Question

A gas park in two processes in which it is heated from the same initial state 1 to the same final temperature. The processes are shown on the P – V diagram by the straight lines 1 – 3 and 1 – 2. 2 and 3 are the points on the same isothermal curve, ${Q_1}$ and ${Q_2}$ are the heat transfer along the two processes. Then –

A. ${Q_1} = {Q_2}$
B. ${Q_1} < {Q_2}$
C. ${Q_1} > {Q_2}$
D. Insufficient data

Answer 1

To calculate the heat transferred in both the process, it is important to know the change in the internal energy and change in the work done. Once, those quantities are known, they can be used to calculate the heat energy with the help of the first law of thermodynamics, which gives us the expression.
$Q = \Delta U + W$
which means that the heat energy change in the system is the sum of the change in the internal energy, $\Delta U$ and the work done, W.

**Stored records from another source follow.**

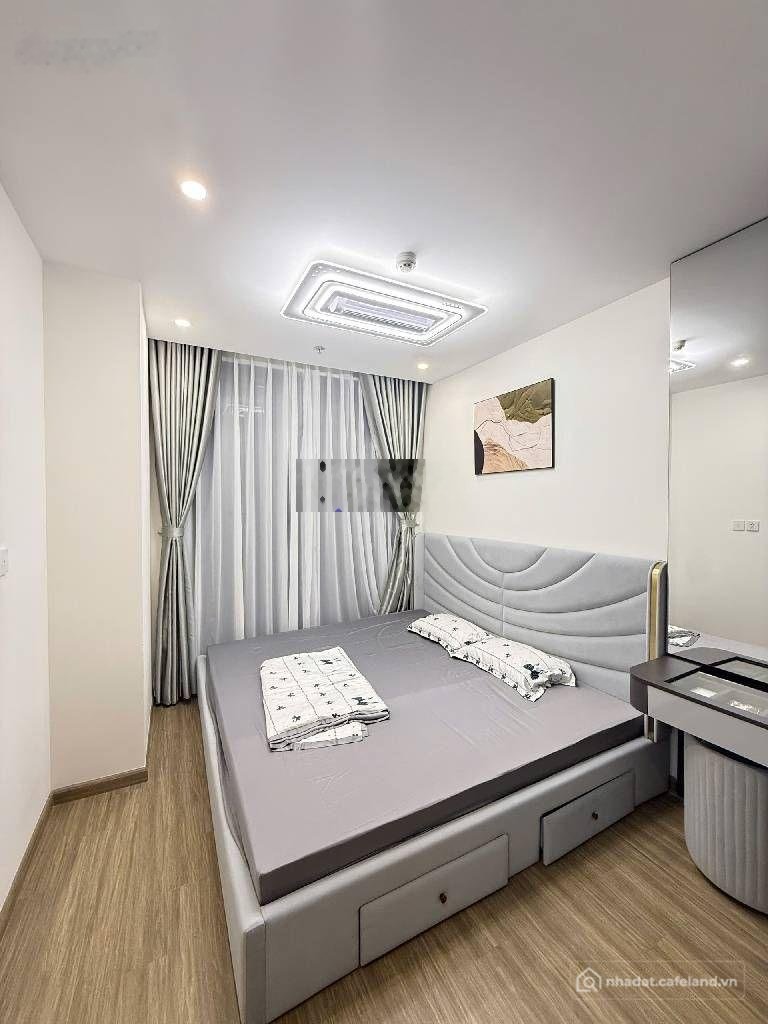 Bán căn hộ chung cư: Bán căn hộ FLC Complex 36 Phạm Hùng, 60m2, 6 tỷ, 2 ngủ, Sổ 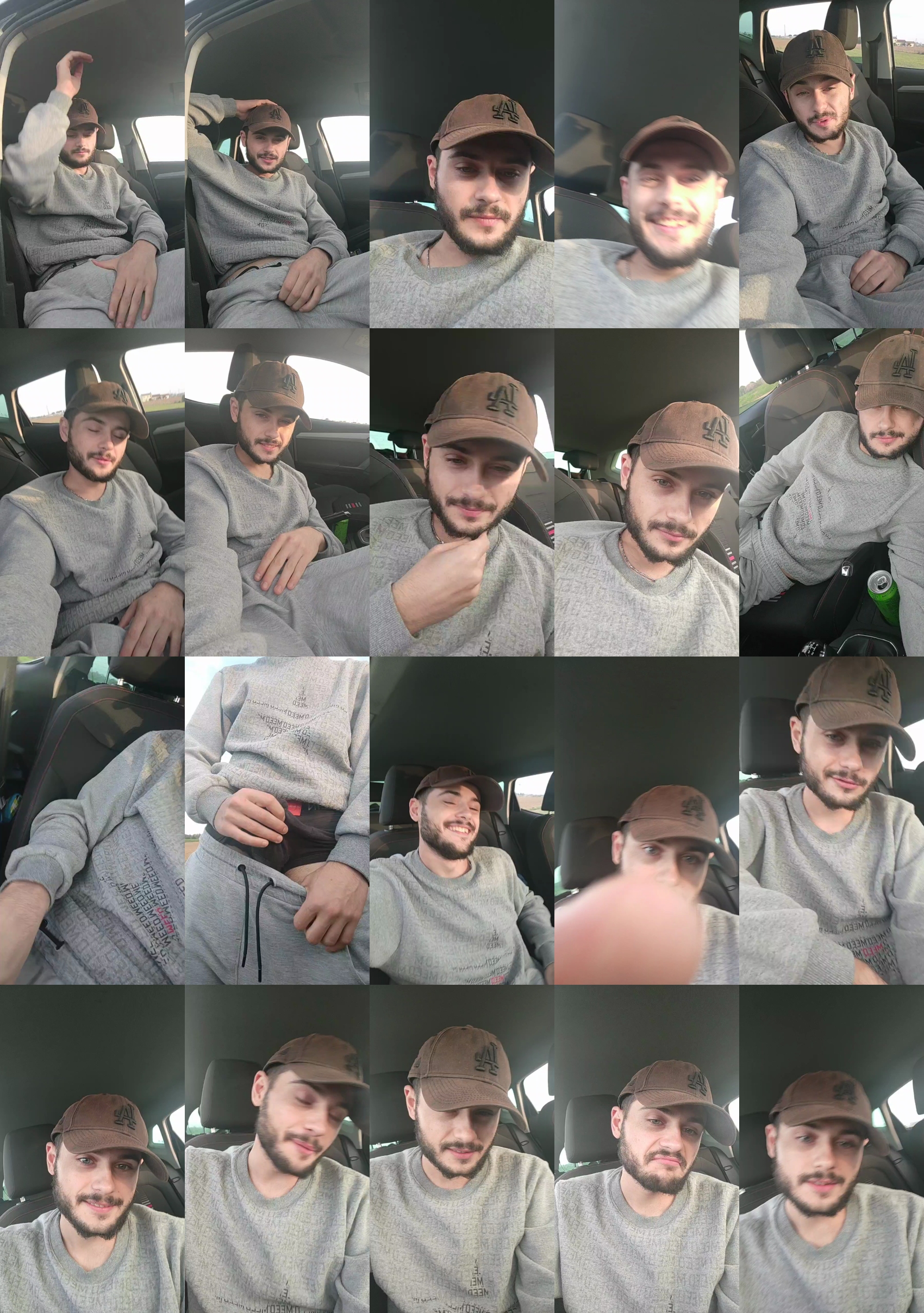 Juliandoras  16-10-2022 Recorded Video bigass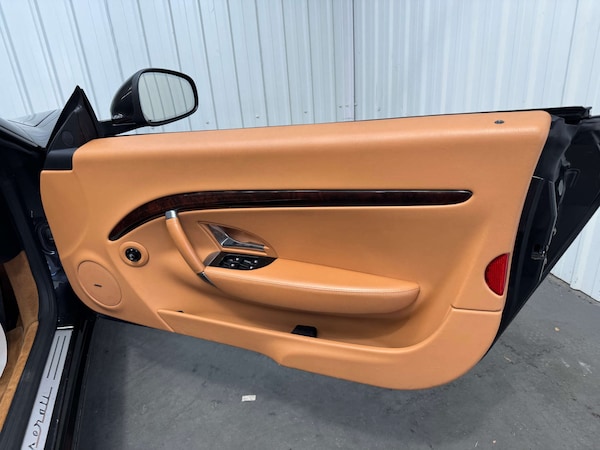 Used Maserati GranCabrio 2010 for sale - 76082868: Photo 53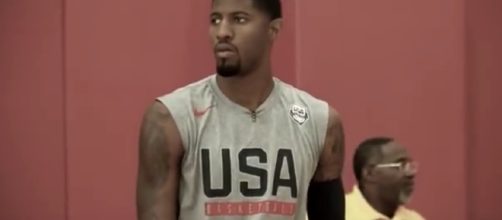 Paul George - Second Wind - Motivation YouTube / Highlight House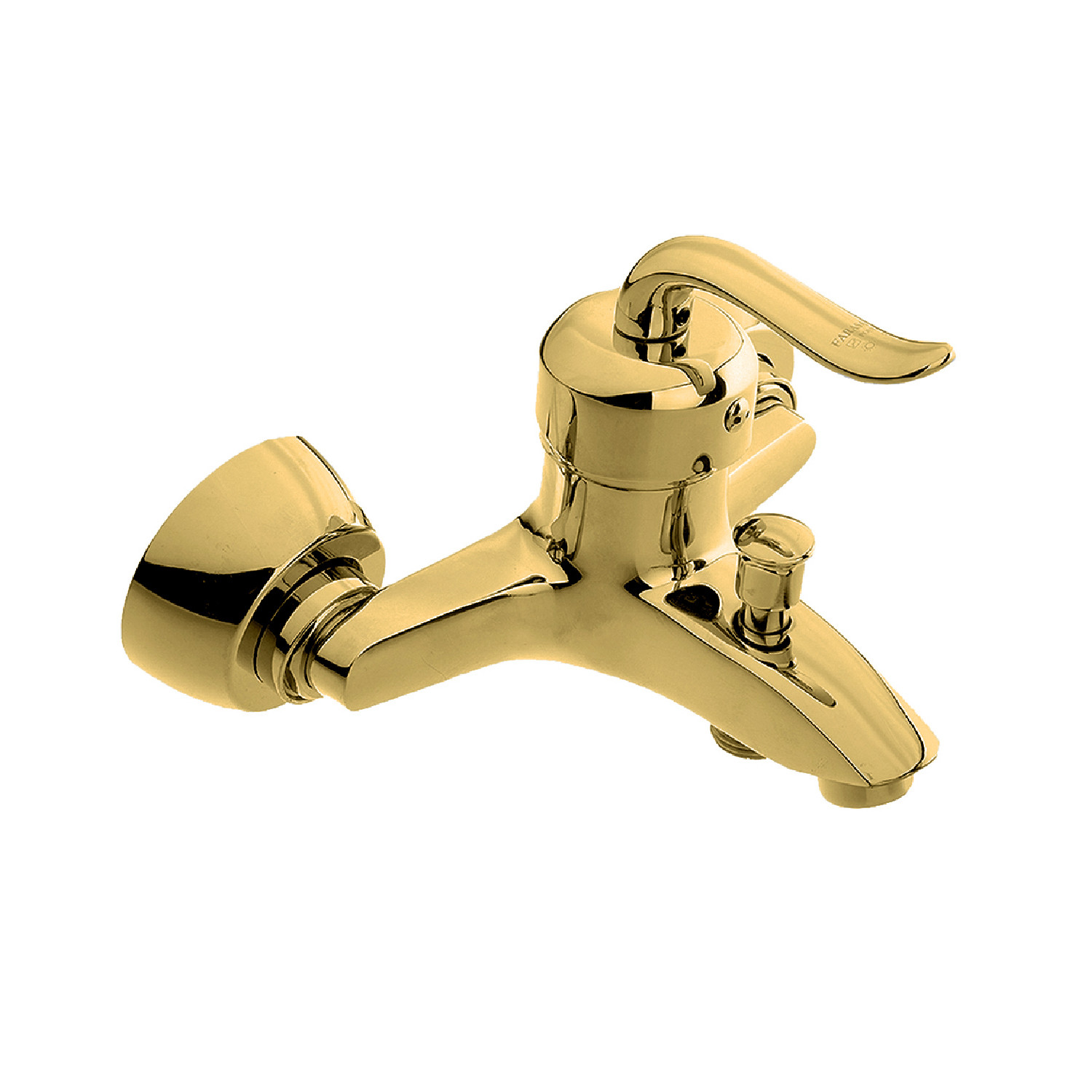 ست شیرآلات فراست پویا مدل قاصدک کد 01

Complete step-by-step answer:
Consider the following thermodynamic processes on a P-V diagram:

The thermodynamic properties at the states 1, 2 and 3 are denoted by their suffixes such as at state 1, the state properties are ${P_1},{V_1}\& {T_1}$ . The same applies for the states 2 and 3 on the PV graph.
Here, there are two thermodynamic processes 1 – 2 and 1 – 3. Let the heat exchange in the process 1 – 2 be ${Q_1}$ and that of the process 1 – 3 be ${Q_2}$.
The first law of thermodynamics gives us the expression for the heat exchange in a process as:
$Q = \Delta U + W$
which means that the heat energy change in the system is the sum of the change in the internal energy, $\Delta U$ and the work done, W.
First, we have to calculate the change in the internal energy in these processes.
$\Delta {U_1} = n{C_v}\Delta T = n{C_v}\left( {{T_2} - {T_1}} \right)$
$\Delta {U_2} = n{C_v}\Delta T = n{C_v}\left( {{T_3} - {T_1}} \right)$
where n is the number of moles of the gas and ${C_v}$ is the specific heat at constant volume.
Since points 2 and 3 are on an isotherm, ${T_2} = {T_3}$
Thus, $\Delta {U_1} = \Delta {U_2} = 0$
The isothermal work done, is given by the formula,
$W = nRT\ln \left( {\dfrac{{{V_2}}}{{{V_1}}}} \right)$
Now, the work done in the process 1 – 2: ${W_1} = nRT\ln \left( {\dfrac{{{V_2}}}{{{V_1}}}} \right)$
The work done in the process 1 – 3: ${W_2} = nRT\ln \left( {\dfrac{{{V_3}}}{{{V_1}}}} \right)$
From the PV graph, since the volume ${V_3} > {V_2} \Rightarrow {W_2} > {W_1}$
Now that we have the work and internal energy changes in both the process, applying the first law of thermodynamics to these processes, we have –
${Q_1} = \Delta U + {W_1}$
${Q_2} = \Delta U + {W_2}$
Subtracting them, we have –
${Q_2} - {Q_1} = {W_2} - {W_1} + 0 - 0$
$\Rightarrow {Q_2} - {Q_1} = {W_2} - {W_1}$
Since, ${W_2} > {W_1} \Rightarrow {Q_2} > {Q_1}$
Or ${Q_1} < {Q_2}$

Hence, the correct option is Option B.

Note: The students should understand in an isothermal process, we have shown that the change in the internal energy is zero and hence, the heat energy supplied to the system can be directly converted to the work done. Hence, this is the most efficient process but, achieving the heat transfer at an isothermal process is a very big challenge in real-life conditions.